In the keynote address to the 11th annual assembly of Pax Christi USA, the archbishop cited the 1983 US bishops' pastoral letter on war and peace, The Challenge of Peace: God's Promise and Our Response. "But as we all know, The Challenge of Peace was not enough."
Noting that the nuclear arms race has accelerated in outer space and across the world since 1983, he suggested that "we as a church must acknowledge that the expansion of this evil has taken place under a strategic principle which was explicitly tolerated, although in a strictly conditioned manner. I refer, of course, to the principle of nuclear deterrence."
He emphasised that "my interpretation of the present realities is that we may no longer be able to give moral respectability to the principle of deterrence because the strict conditions we set forth are fast ceasing to be verified. In my view, we are rapidly approaching the point where our courageous pastoral letter will no longer be seen as the challenge it was meant to be: It will become instead the nuclear equivalent of a blank cheque."

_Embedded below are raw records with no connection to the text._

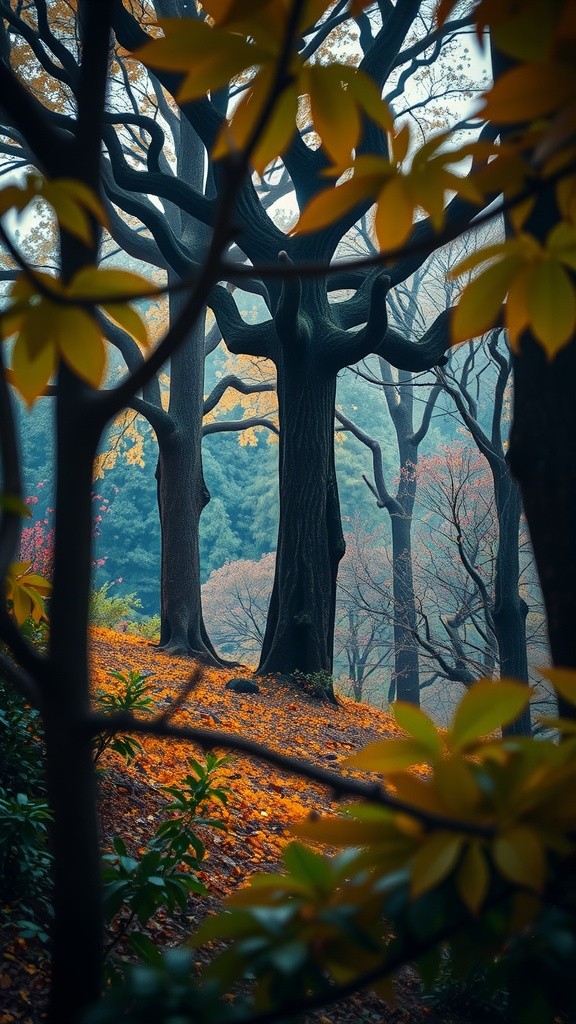 Hutan yang Hidup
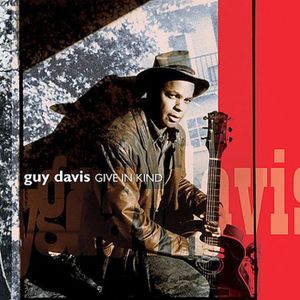 Give in Kind CD - Guy Davis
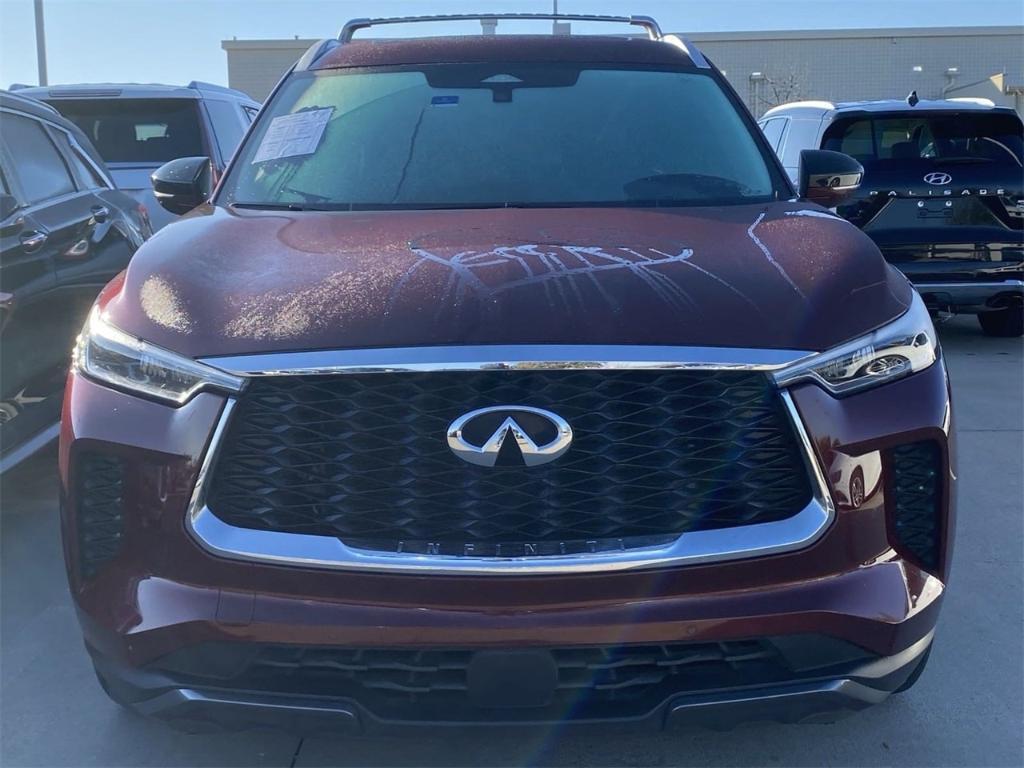 used 2023 INFINITI QX60 car, priced at $41,988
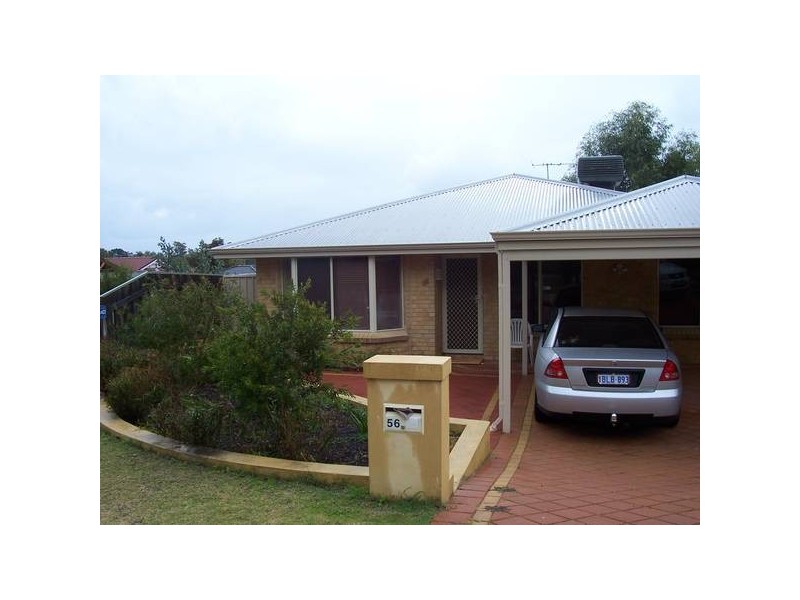 Senecio Lane, Beeliar WA 6164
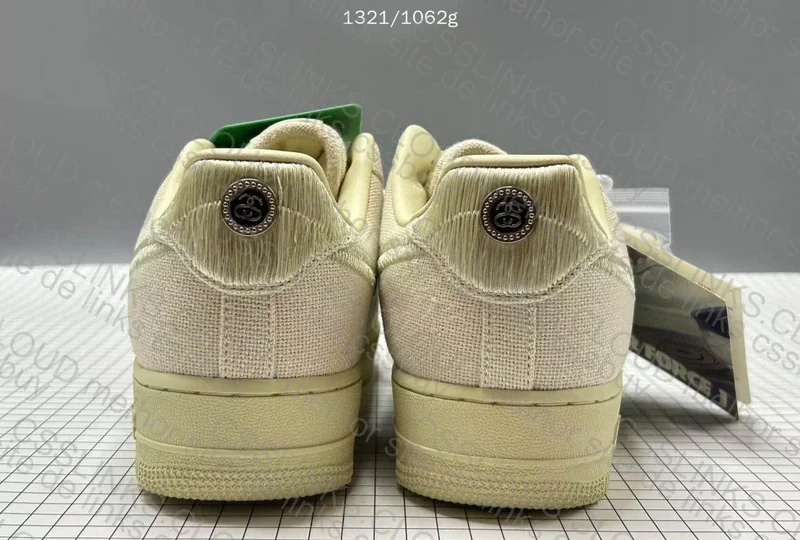 AF1 Stussy Air 5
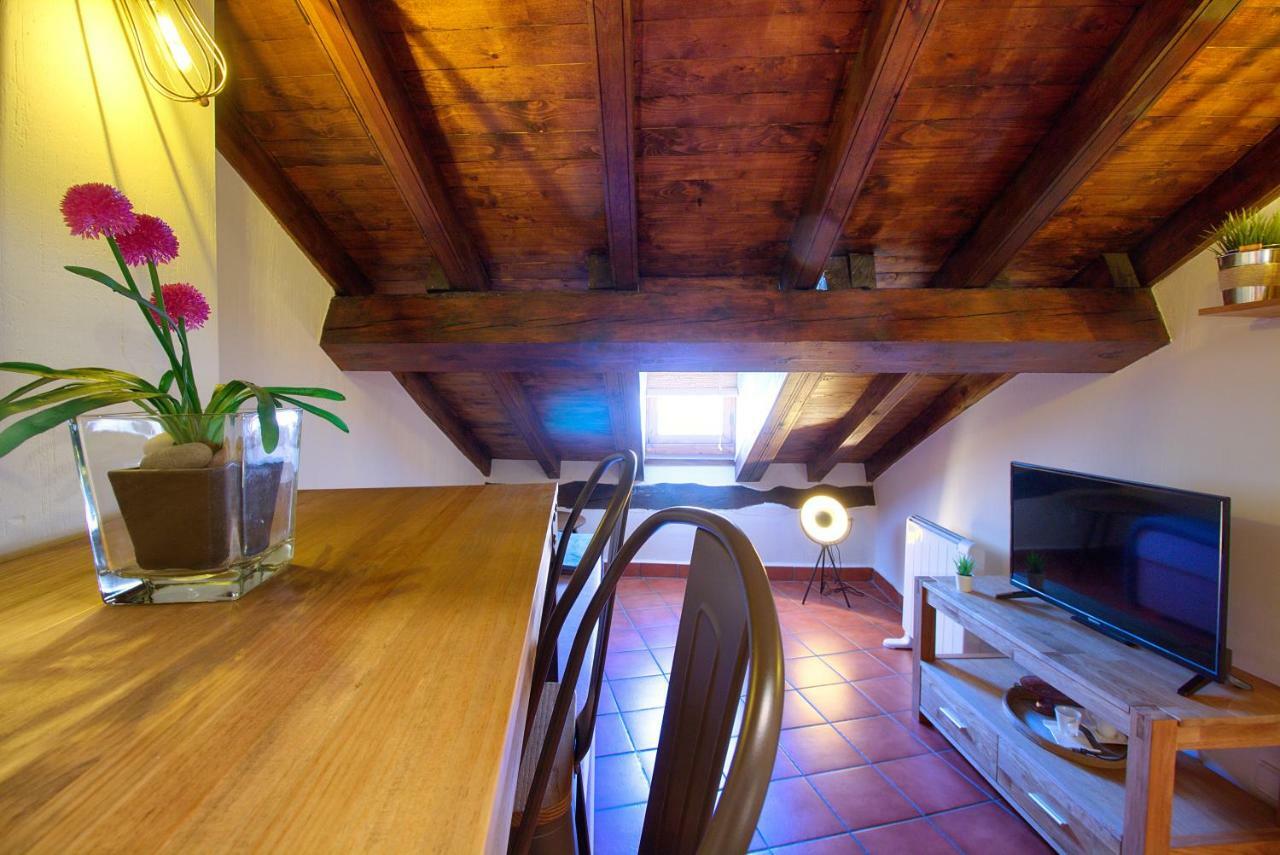 Apartament La Buhardilla De Andrea Cuenca  Zewnętrze zdjęcie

The archbishop recalled a 1976 US bishops' pastoral letter, To Live in Christ Jesus, which stated that the United States must know "that not only is it wrong to attack civilian populations but it is also wrong to threaten to attack them as part of a strategy of deterrence."
"I feel, at this time, compelled to wonder out loud whether, perhaps, we weren't right the first time," he said. "Nuclear war begins, I believe, in our hearts and that is where it must end. For that reason, deterrence is not extrinsic to the evil of nuclear war, but finds, itself at the centre of the evil. In other words, our intention or willingness to do the sin could become the sin."
He reminded those present that peace may begin at each celebration of the Eucharist and in a deeper understanding of the cross. "Is it too much to suggest, then, that as we satisfy our hungers as a human family in the Eucharist, the eucharistic' celebration itself could be a time when we are reminded of our call — our obligation — to be reconciled with our brothers and sisters throughout the world who, like us, are experiencing the threat of nuclear extermination?" he asked.
In ceremonies following Archbishop Hunthausen's talk, Pax Christi USA's president, Auxiliary Bishop Thomas Gumbleton of Detroit, gave the Seattle prelate the organisation's 1987 Pope Paul VI Teacher of Peace Award. The award commends the recipient for a witness that is prophetic.